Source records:
▬▬▬▬▬▬

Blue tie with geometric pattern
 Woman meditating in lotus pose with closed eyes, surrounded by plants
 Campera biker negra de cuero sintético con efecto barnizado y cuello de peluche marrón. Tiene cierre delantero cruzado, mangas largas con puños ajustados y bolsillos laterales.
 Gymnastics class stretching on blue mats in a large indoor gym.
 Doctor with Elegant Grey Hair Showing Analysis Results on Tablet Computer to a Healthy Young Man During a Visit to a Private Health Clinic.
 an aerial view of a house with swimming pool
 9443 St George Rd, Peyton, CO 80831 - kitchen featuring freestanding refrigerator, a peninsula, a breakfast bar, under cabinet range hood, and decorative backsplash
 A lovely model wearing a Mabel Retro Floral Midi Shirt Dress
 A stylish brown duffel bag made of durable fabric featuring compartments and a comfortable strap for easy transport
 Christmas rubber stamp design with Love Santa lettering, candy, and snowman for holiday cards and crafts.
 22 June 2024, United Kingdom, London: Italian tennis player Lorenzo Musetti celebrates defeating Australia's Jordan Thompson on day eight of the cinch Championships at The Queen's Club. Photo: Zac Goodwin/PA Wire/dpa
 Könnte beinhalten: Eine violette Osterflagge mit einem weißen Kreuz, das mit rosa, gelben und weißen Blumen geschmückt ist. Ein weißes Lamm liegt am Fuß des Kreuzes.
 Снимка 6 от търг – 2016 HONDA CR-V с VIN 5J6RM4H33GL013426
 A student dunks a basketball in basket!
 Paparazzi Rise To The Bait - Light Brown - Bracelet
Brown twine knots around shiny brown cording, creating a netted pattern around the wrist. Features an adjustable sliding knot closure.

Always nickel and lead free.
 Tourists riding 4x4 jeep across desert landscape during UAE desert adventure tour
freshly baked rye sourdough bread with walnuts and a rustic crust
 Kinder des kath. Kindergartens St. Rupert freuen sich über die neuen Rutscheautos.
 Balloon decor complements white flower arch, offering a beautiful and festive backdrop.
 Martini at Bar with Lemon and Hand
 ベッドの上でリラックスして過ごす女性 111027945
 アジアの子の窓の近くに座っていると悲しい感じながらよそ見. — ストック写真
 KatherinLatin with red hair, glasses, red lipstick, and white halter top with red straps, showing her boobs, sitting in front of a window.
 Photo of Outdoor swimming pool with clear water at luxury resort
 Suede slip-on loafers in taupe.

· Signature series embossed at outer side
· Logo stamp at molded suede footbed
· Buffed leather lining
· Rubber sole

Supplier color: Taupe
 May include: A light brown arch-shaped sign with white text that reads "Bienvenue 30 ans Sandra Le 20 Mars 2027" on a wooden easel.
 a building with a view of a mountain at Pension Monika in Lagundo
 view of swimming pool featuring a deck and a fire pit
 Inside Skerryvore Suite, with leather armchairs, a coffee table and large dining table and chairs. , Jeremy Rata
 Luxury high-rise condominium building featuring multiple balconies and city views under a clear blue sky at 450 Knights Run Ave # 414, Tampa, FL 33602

▬▬▬▬▬▬

# [Task brief]
Nothing but the lines from the top of the entries above through the line with "Christmas rubber stamp" should be set down, each exactly as written.

# [Answer box]
Blue tie with geometric pattern
 Woman meditating in lotus pose with closed eyes, surrounded by plants
 Campera biker negra de cuero sintético con efecto barnizado y cuello de peluche marrón. Tiene cierre delantero cruzado, mangas largas con puños ajustados y bolsillos laterales.
 Gymnastics class stretching on blue mats in a large indoor gym.
 Doctor with Elegant Grey Hair Showing Analysis Results on Tablet Computer to a Healthy Young Man During a Visit to a Private Health Clinic.
 an aerial view of a house with swimming pool
 9443 St George Rd, Peyton, CO 80831 - kitchen featuring freestanding refrigerator, a peninsula, a breakfast bar, under cabinet range hood, and decorative backsplash
 A lovely model wearing a Mabel Retro Floral Midi Shirt Dress
 A stylish brown duffel bag made of durable fabric featuring compartments and a comfortable strap for easy transport
 Christmas rubber stamp design with Love Santa lettering, candy, and snowman for holiday cards and crafts.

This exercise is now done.